Monday, April 25, 2011

Planes Bad, Trains Good.

TOH- The No Agenda Show.

Woo, Woo- Don't forget May 7th. is NATIONAL TRAIN DAY!
If you are in the New York area on that day you can join Gladys Knight at the Beacon Theatre to help America celebrate National Train Day and AMTRAK's 40th aniversity for only $65-$200.
They have teamed up with Boys & Girls Clubs of America to present the Rock'n the Rail Way concert. However your ticket price is not tax deductible (What's up with that?)

I have commented before that there is a full court press in this country for overly expensive, unwanted high-speed rail. Often cited when trying to sell this turd are the Chinese and Japanese high speed "successes". Well, not so fast.


BEIJING — China’s expanding network of ultramodern high-speed trains has come under growing scrutiny here over costs and because of concerns that builders ignored safety standards in the quest to build faster trains in record time.


Last week, the new leadership at the Railways Ministry announced that to enhance safety, the top speed of all trains was being decreased from about 218 mph to 186. Without elaborating, the ministry called the safety situation “severe” and said it was launching safety checks along the entire network of tracks.
The Finance Ministry said last week that the Railways Ministry continued to lose money in the first quarter of this year. The ministry’s debt stands at $276 billion, almost all borrowed from Chinese banks.

“They’ve taken on a massive amount of debt to build it,” said Patrick Chovanec, who teaches at Tsinghua University. He said China accelerated construction of the high-speed rail network — including 295 sleek glass-and-marble train stations — as part of the country’s stimulus spending in response to the 2008 global financial crisis.

Zhao Jian, a professor at Beijing Jiaotong University and a longtime critic of high-speed rail, said he worries that the cost of the project might have created a hidden debt bomb that threatens China’s banking system.

“In China, we will have a debt crisis — a high-speed rail debt crisis,” he said. “I think it is more serious than your subprime mortgage crisis.
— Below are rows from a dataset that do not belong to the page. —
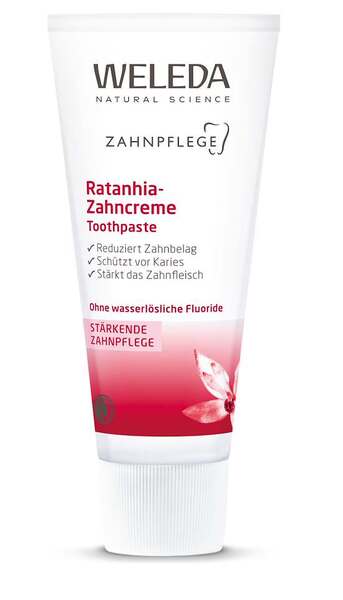 Weleda Ratanhová zubní pasta 75 ml Weleda Ratanhová zubní pasta 75 ml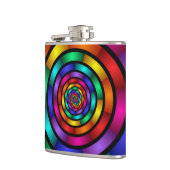 Ronde en Psychedelic Colorful Modern Fractal Art Heupfles (Links)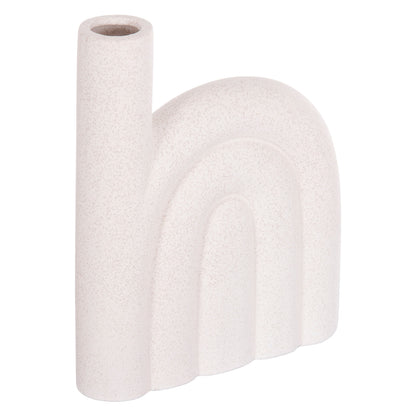 CERAMIC TABLE DECOR ARCON HM4639.01 OFF WHITE WITH CRYSTALLIZATION 23.5x5.5x29.5Hcm.
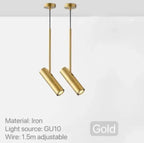 Rotatable Spotlight LED Pendant Lights for Restaurant Kitchen Living Dining Room Bathroom Reading Lighting Modern Hanging Lamp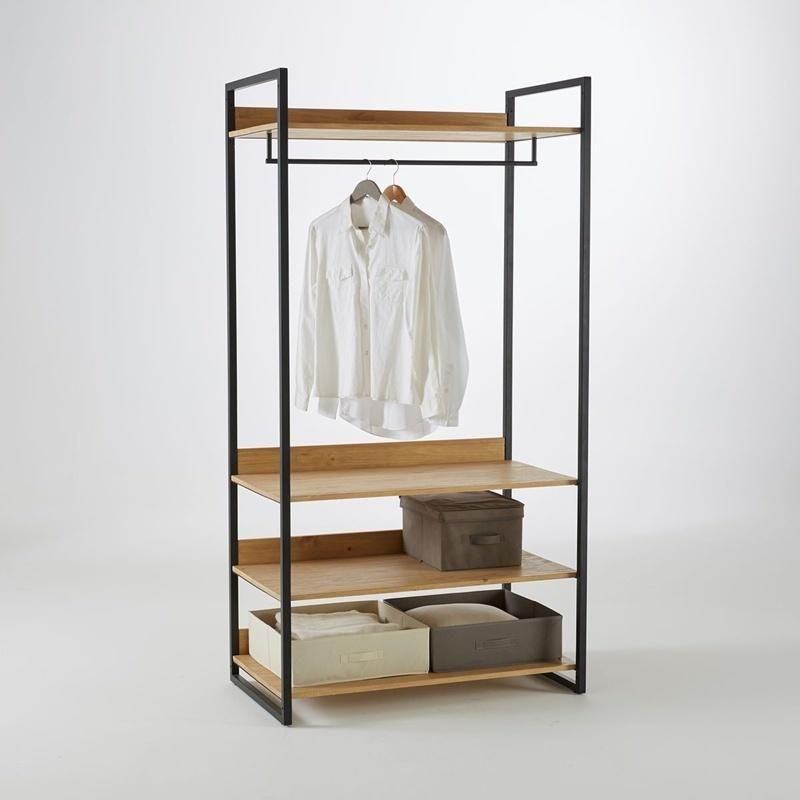 Walk Closet Wardrobe with Wood Melamine Finish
You can always leave a house or use it. The rail system is there. It’s a burden. You must operate the rail system, and when you operate it, the cost is very high.”

It turns out that the ticket sales are not high enough to even service the debt. In other words pay the interest on the money borrowed to build these wonderful new trains. And this is what Obama is trying to convince us we need.